▶ **Data shown**:
##########
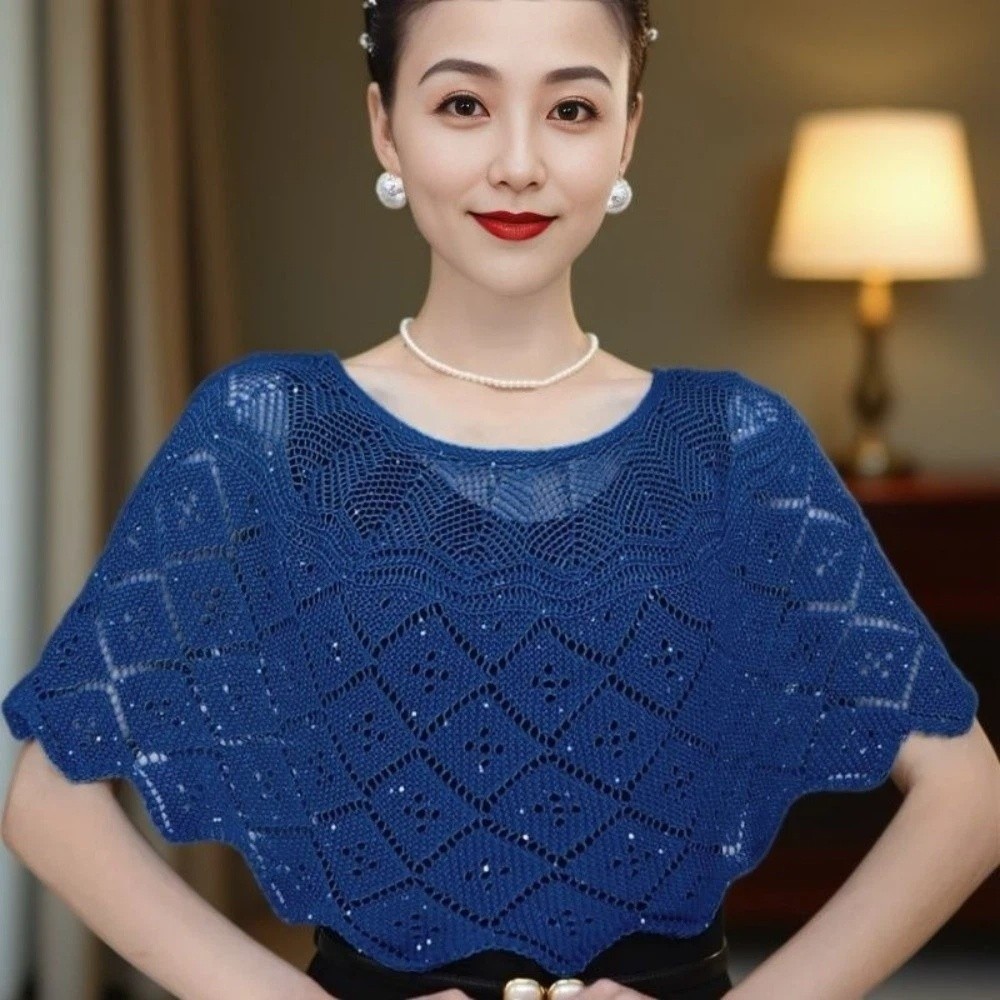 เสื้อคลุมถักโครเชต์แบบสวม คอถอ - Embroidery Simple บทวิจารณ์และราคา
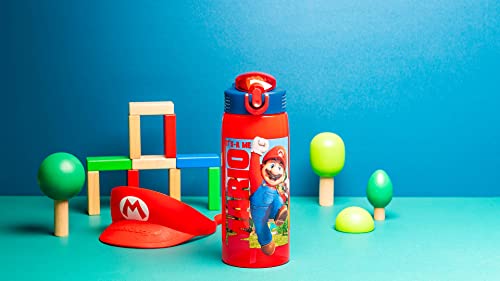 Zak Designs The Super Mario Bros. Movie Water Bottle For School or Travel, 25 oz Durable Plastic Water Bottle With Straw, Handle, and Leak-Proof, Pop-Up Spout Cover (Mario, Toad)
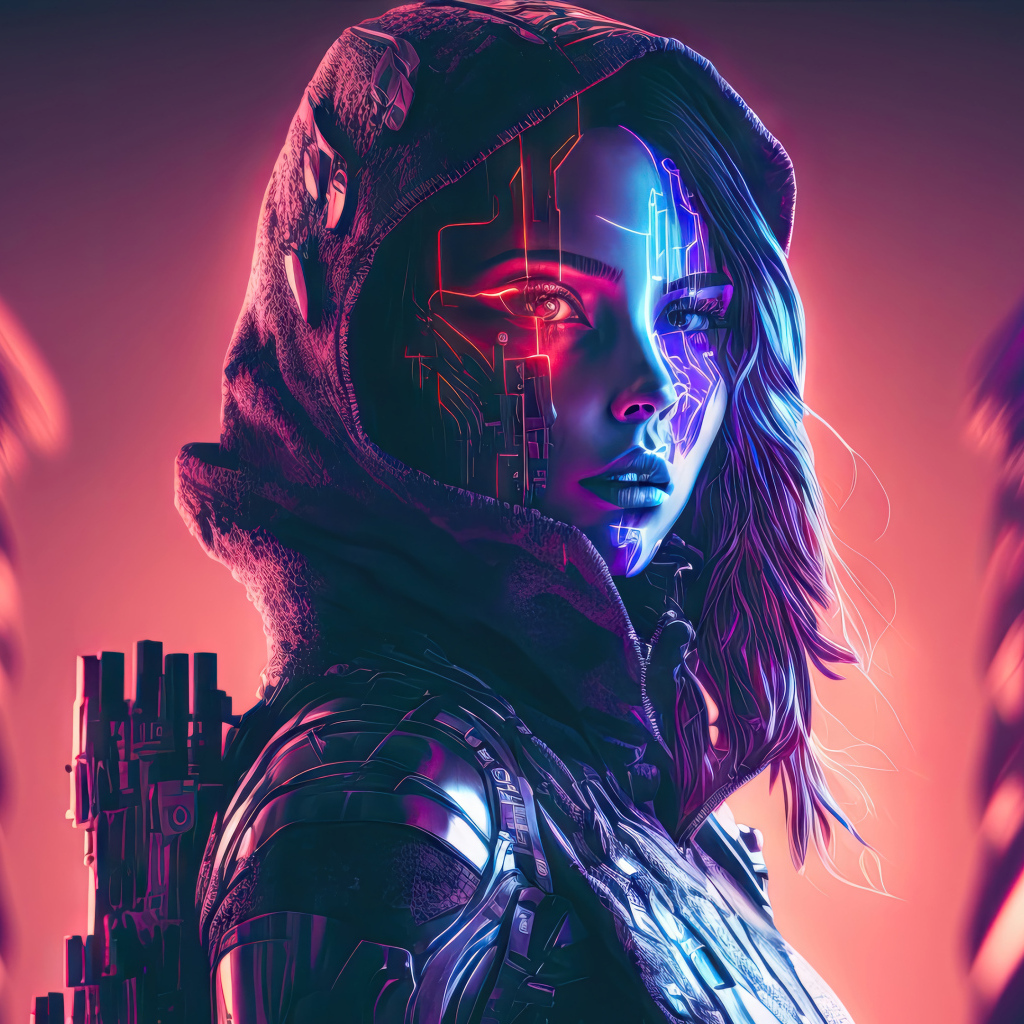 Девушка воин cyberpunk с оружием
##########
▶ **Aim of the task**:
Your reply should restate the data above word for word and contain no pictures.

▶ **Expected output**:
 เสื้อคลุมถักโครเชต์แบบสวม คอถอ - Embroidery Simple บทวิจารณ์และราคา
 Zak Designs The Super Mario Bros. Movie Water Bottle For School or Travel, 25 oz Durable Plastic Water Bottle With Straw, Handle, and Leak-Proof, Pop-Up Spout Cover (Mario, Toad)
 Девушка воин cyberpunk с оружием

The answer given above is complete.